• Café stupéfiant

    Café stupéfiant

     

    Tout le monde le sait, le café est une sorte de stupéfiant. En tout cas, il est psychoactif. Mon compagnon dit que son absorption lui provoque un flash d’énergie et de vision claire. Je me suis longtemps raconté que boire du café m’était devenu nécessaire quand, dans mon premier poste je me suis rendue compte que je m’endormais sur mon bureau pendant la digestion du repas de midi. La cafeteria était à deux pas, tentante. J’ai essayé et adopté alors cette substance amère qu’enfant je détestais. L’habitude, le rite, ont fait le reste et j’ai raconté cette histoire à l’occasion.

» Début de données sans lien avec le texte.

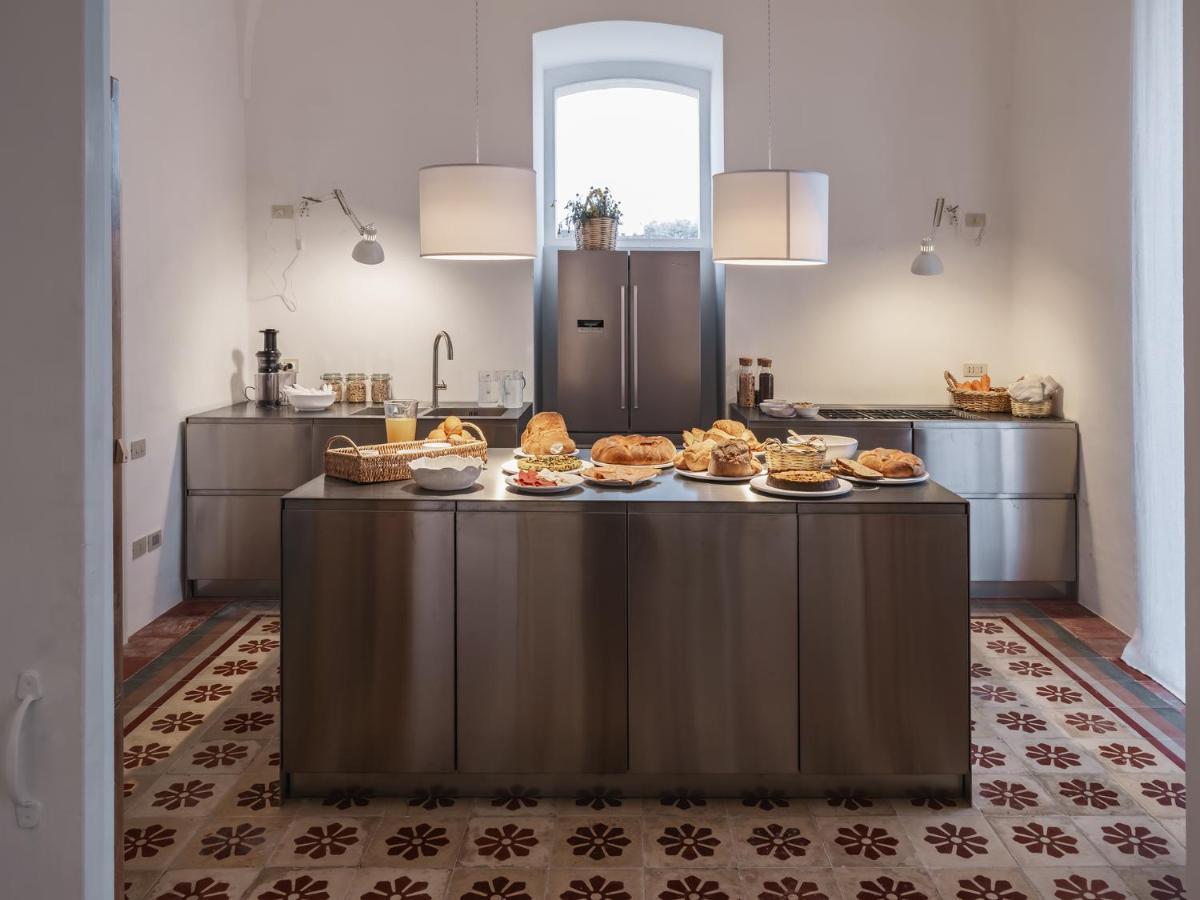 Masseria Mone Hotel Monopoli Bagian luar foto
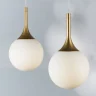 Подвесной светильник GLOBO LIGHTSTAR 813012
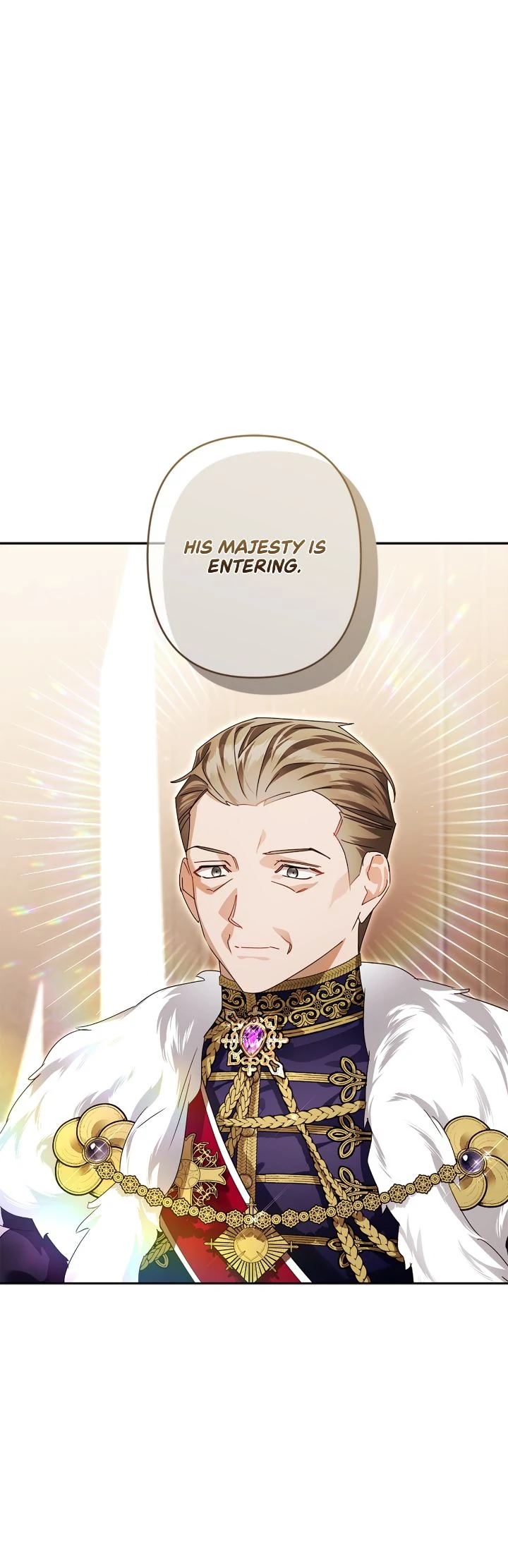 She’s a Villainess, but Her Husband Is Handsome Chapter 70 - Page 23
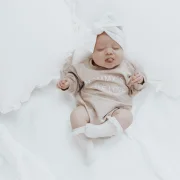 Sweater Romper - Mommys Little Love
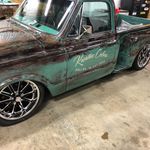 Shane Carney - @carneyshane72 - Instagram
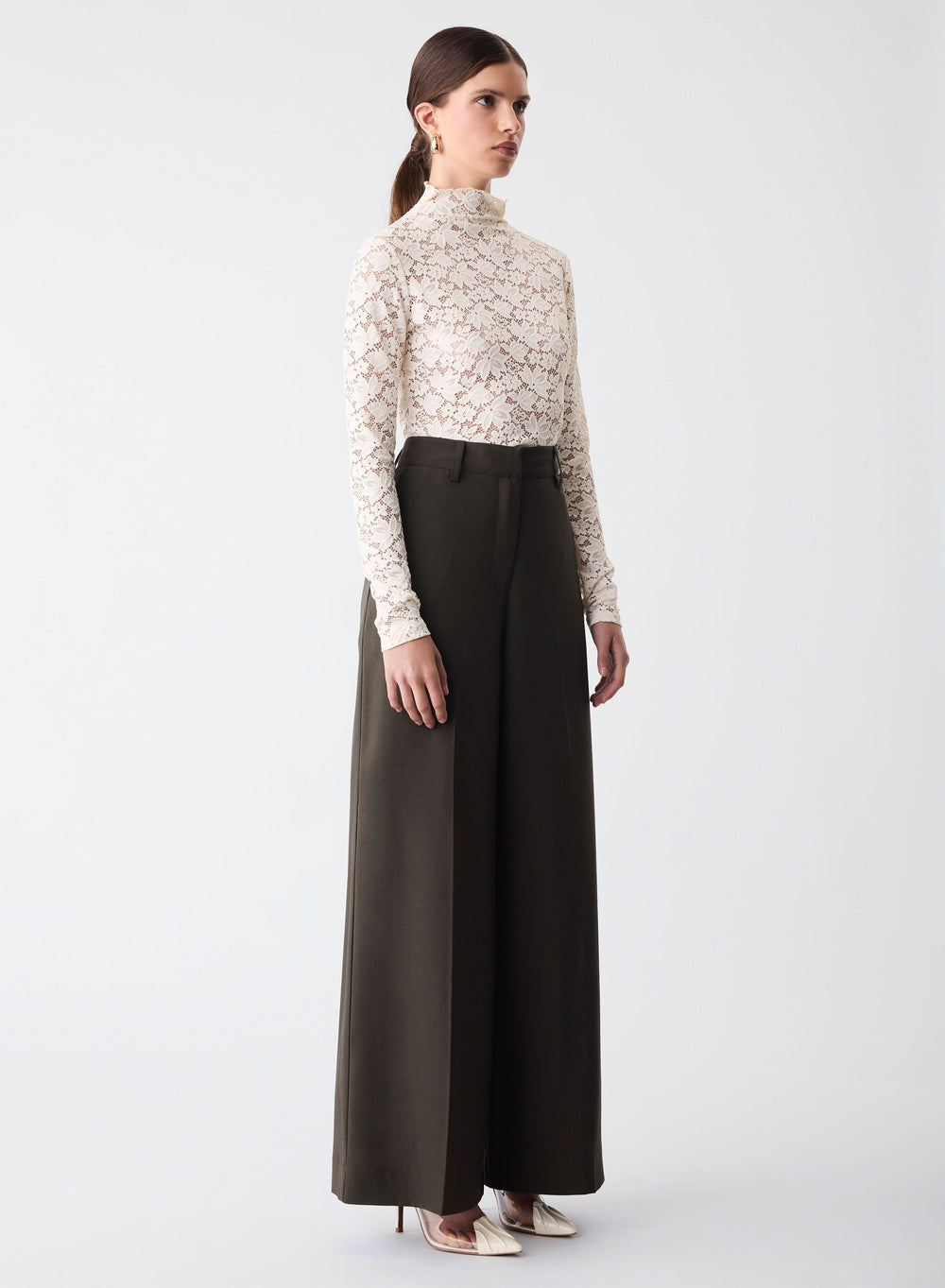 Symmetry Pant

    Il y a quelques années, le moment du café était devenu double.
    Avant de partir travailler, au café du coin, entre les machines vrombissantes, avec un bouquin. Quelques minutes avant le sérieux, voire le pensum du jour. Une amie me disait ne pas comprendre pourquoi cet endroit, malcommode finalement. Je ne sais pas. Il faisait cocon et le bourdonnement des machines sans doute le rendait étanche, clôturant l’espace. Nous étions aussi très peu nombreux dans ce lieu à cette heure. J’y étais à peu près seule et protégée.
    Pendant la matinée, le sacro-saint café de 10h rassemblait les volontaires et les invités pour un quart d’heure de discussion à bâtons très rompus, du professionnel au culturel en passant par le politique.

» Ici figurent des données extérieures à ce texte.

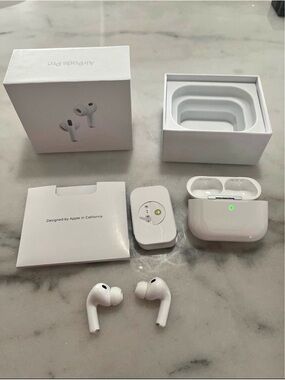 AirPods Pro generation 3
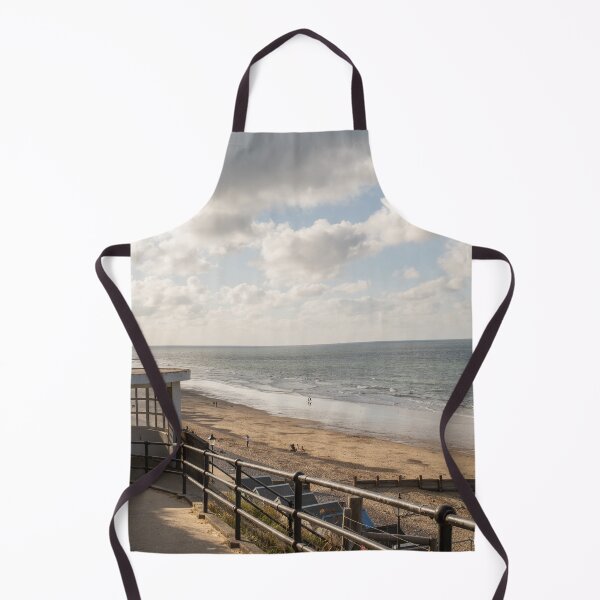 Item preview, View over Cromer beach on the Norfolk Coast designed and sold by yackers1.
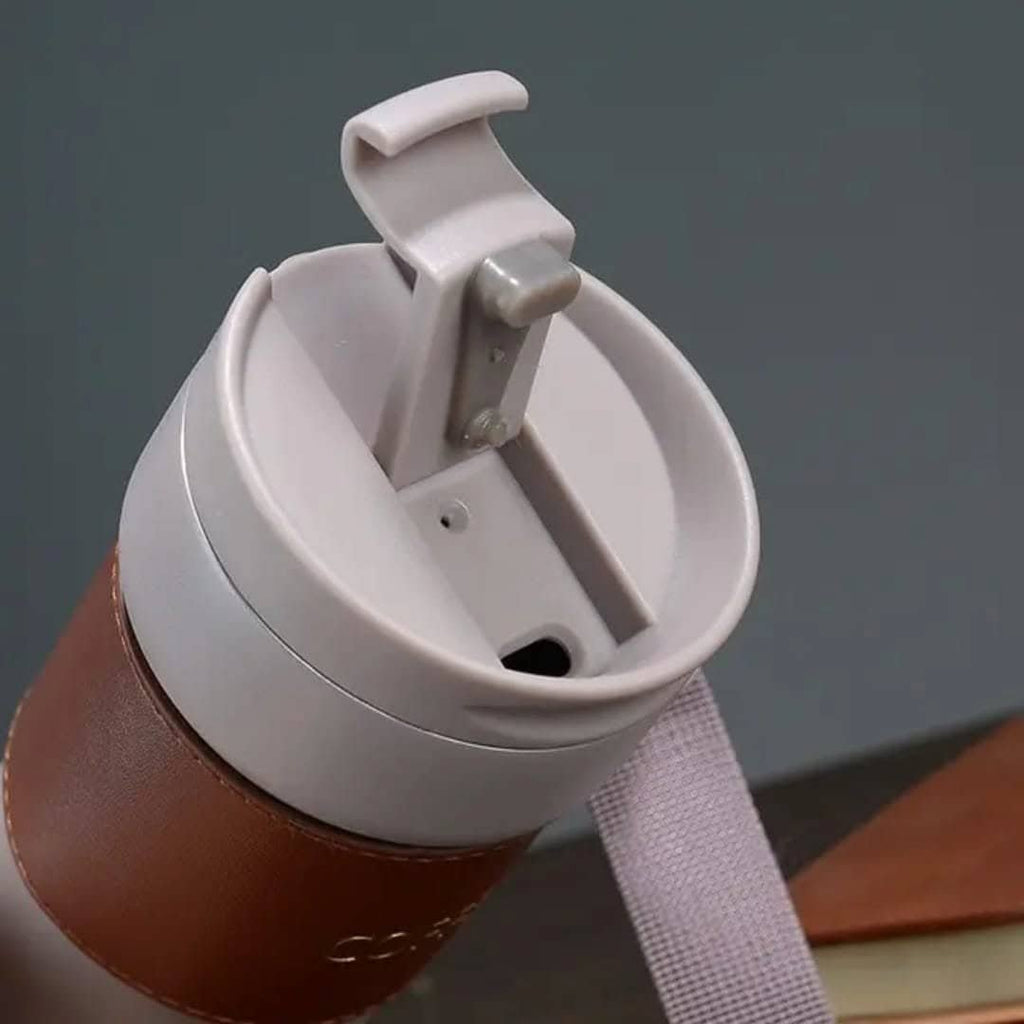 Travel Thermo Cup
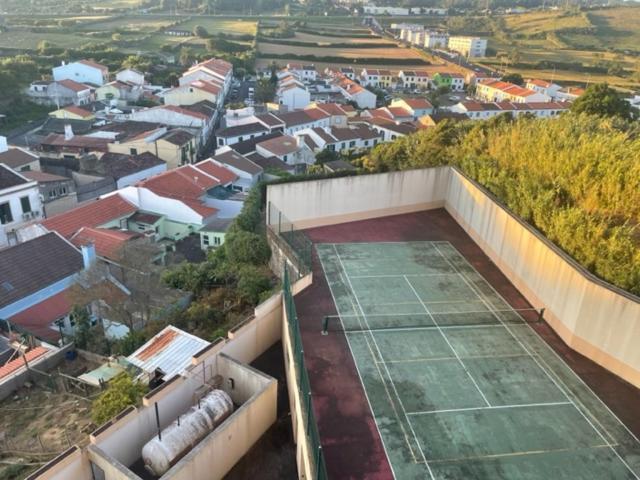 Populo Mar Apartment Ponta Delgada Exterior foto
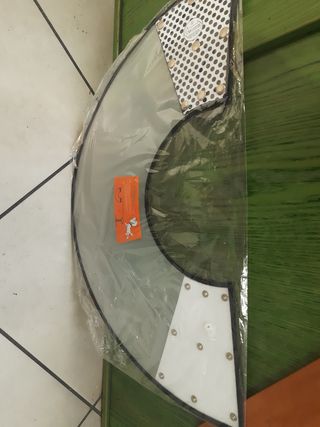 Collare Elisabetta varie misure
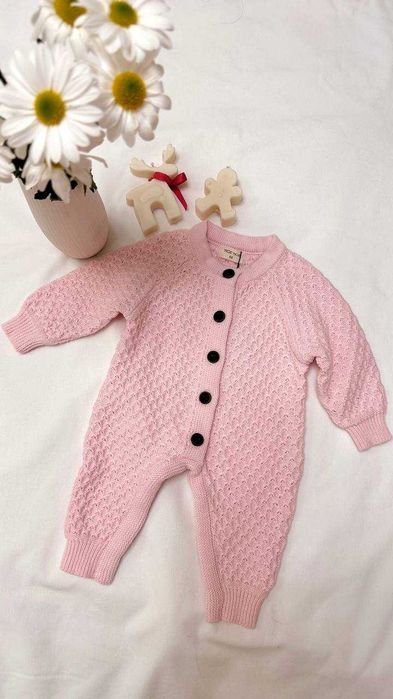 детская одежда комбинезон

    Puis j’ai quitté l’univers du travail et le café est devenu le centre du matin. Je me rendais dans le centre ville, en plein centre, le centre du centre, en marchant. Promenade matinale par tous les temps, succédané de parcours vers le travail. Les habitués, le petit coin près de la fenêtre où je me logeais, la cordialité bourrue du serveur, tout contribuait à mon isolement chaleureux. Le lieu lui-même, beau sans trop, fait pour l’usage. Discussions chopées au hasard : l’intellectuel, grand lecteur qui lit des bouquins de Gallimard dans la collection blanche et convie ses amis à discuter littérature ; le monsieur qui fait un peu peuple mais distingué quand même et qui parle foot avec le serveur. Images d’Epinal du café français. Si réconfortantes. Le rite était devenu si inscrit dans ma journée que je ne parvenais pas à penser utiliser ma matinée autrement : arrivée à 10h, je restais une bonne heure, rentrant chez moi pour l’heure de préparer le repas. Ne pas aller travailler, aller lire au café c’était devenu l’équation obligée de mon temps matinal, avec toutefois l’entorse du jeudi, jour du psy où je filais du café (un autre, plus près du cabinet) après un petit moment seulement. Je rentrais après la séance, ravie, rassérénée et un peu hébétée, perdue dans mes pensées qui coulaient avec le courant scintillant de l’eau du Rhône.

    Puis le confinement nous est tombé dessus sans crier gare. Comment transformer cette expérience, renouveler ce rite ? En le reproduisant indoor. J’ai donc repris seule et dans mon chez moi une expérience ‘café plus lecture’ qui s’est avérée tout aussi addictive et collante à mon temps libre.

    Récemment, coup de théâtre dans le landernau, de façon presque concomittante à la mort de ma tante, je n’ai plus eu de goût pour le café, qui m’a semblé soudain démesurément amer, comme dans mon enfance, et m’a occasionné des irritations intestinales. Depuis, je n’en bois plus, ou exceptionnellement, ‘pour voir’, chez des amis. Mais ce que je ‘vois’ alors n’a rien de commun avec ce que j’ai pu ressentir il y a de cela seulement quelques semaines. Un chaud breuvage un peu amer (moins que le mien quand même) qui ne me fait plus vraiment ‘ni chaud ni froid’. La magie du café a cessé… pour le moment.
    Et je me demande, le nez plongé dans la chicorée, si je n’ai pas inventé mon besoin de café, puis mon goût pour le café pour ce qu’il me rappelait de la culture familiale, par exemple, celle qui a fini de s’enfuir avec ma tante. Il n’aurait pas été un réveilleur d’après repas mais plutôt un lien avec le sud, avec le midi comme on dit chez nous. Cet endroit où j’avais laissé une partie de moi qui transparaissait dans le geste de boire et le goût du café. Et voilà qu’il se peut bien que j’aie récupéré cette partie… et perdu le café.

    Désormais, je bois ma chicorée comme un substitut moins encombrant, moins exigeant, qui laisse la place à d’autres activités que ‘café-lecture’. Bref, en voie de perdre l’assuétude à l’univers du café, comme, par force, j’ai dû perdre pour un temps l’habitude du lieu où on le boit. Et celui-là, il me manque bien davantage, comme un lien aussi mais avec les partenaires de l’âge adulte, avec mes égaux en humanité sociable.